Потом несколько поколений музейных работников оберегали и сохраняли этот экземпляр, вложив уже свой труд в общую копилку. И все это хранят стеллажи музейных запасников, в благородной тишине оберегая бесценный клад (пардон уж за патетику). Я в этих запасниках иначе как полушепотом и разговаривать‑то не могу, а не вымыв предварительно руки, до птиц и не дотрагиваюсь. И чихаю иногда от музейной пыли.

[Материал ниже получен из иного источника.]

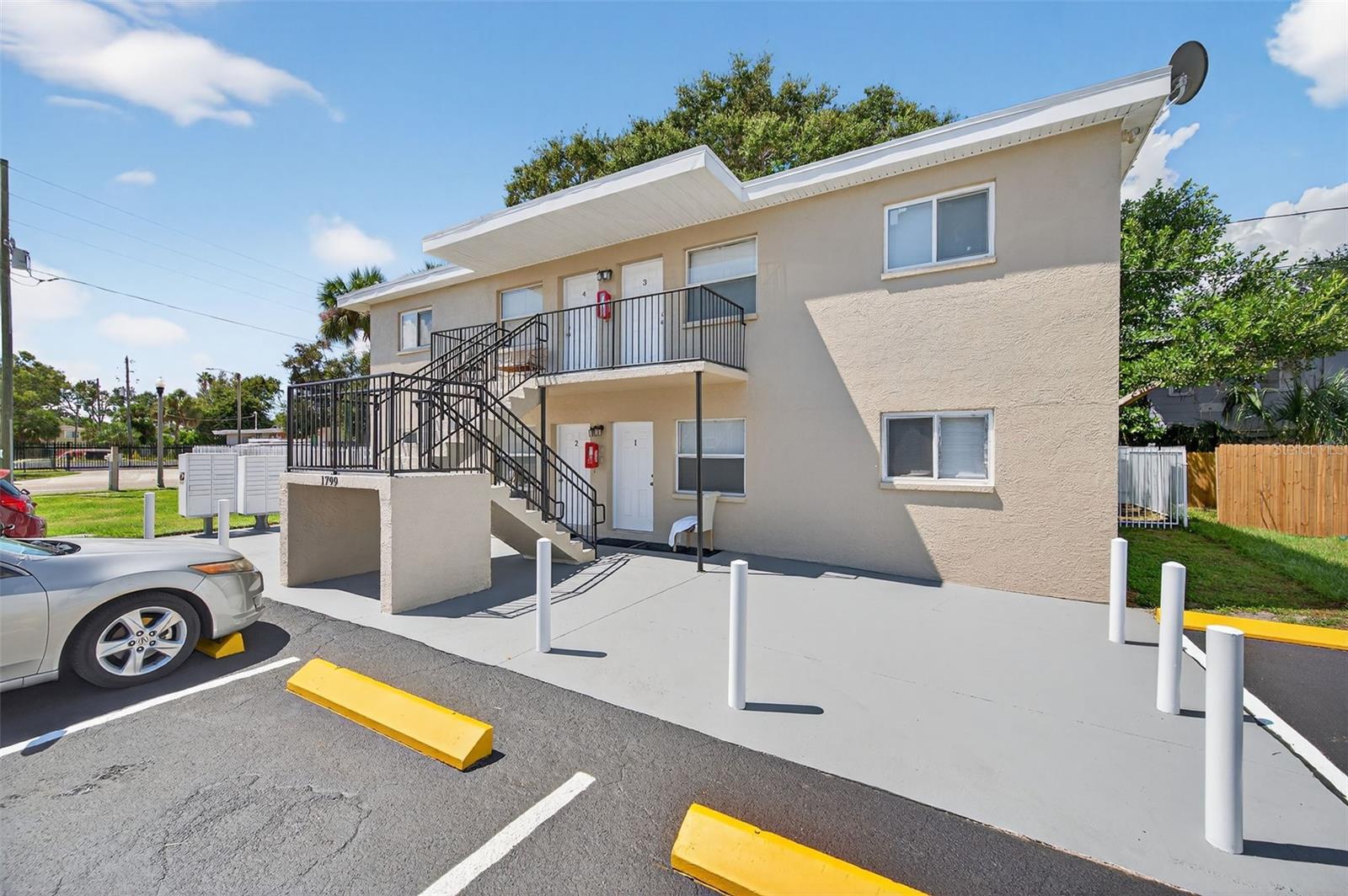 LA PLAZA ADD - Residential Lease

В сегодняшнем мире, задрюченном электронной изощренностью, каждая птичья тушка для меня не просто бесценный атрибут одной из самых древних и славных наук, она с каждым годом ― все более значимый элемент целой культуры традиционных зоологических исследований. Дай Бог, чтобы и через сто лет эту тушку кто‑нибудь уважительно вынул из коробки…
Вспомнил про музей и про коллекции, неожиданно наткнувшись на полке в ВИРе на случайно попавшую туда очень старую публикацию по птицам Туркмении. Порой ведь трачу в Москве неделю, чтобы найти маленькую заметку, опубликованную много лет назад где‑нибудь в провинции небольшим тиражом, но раз за разом ощущаю, что каждый описанный давным–давно факт приобретает особый вес уже одним тем, что он дошел до нас через десятилетия.
Все‑таки Михеич, Мудрый Дед, прав, как сама земля; дай Бог ему здоровья…»
Занимаясь фаунистическими изысканиями в таком географическом районе, как Западный Копетдаг, вы соприкасаетесь с целой плеядой славных имен, внесших неоценимый вклад в изучение природы этого удивительного и прекрасного во всех отношениях уголка земли. Не хочу мимоходом перечислять фамилии: многие из этих людей достойны отдельного повествования.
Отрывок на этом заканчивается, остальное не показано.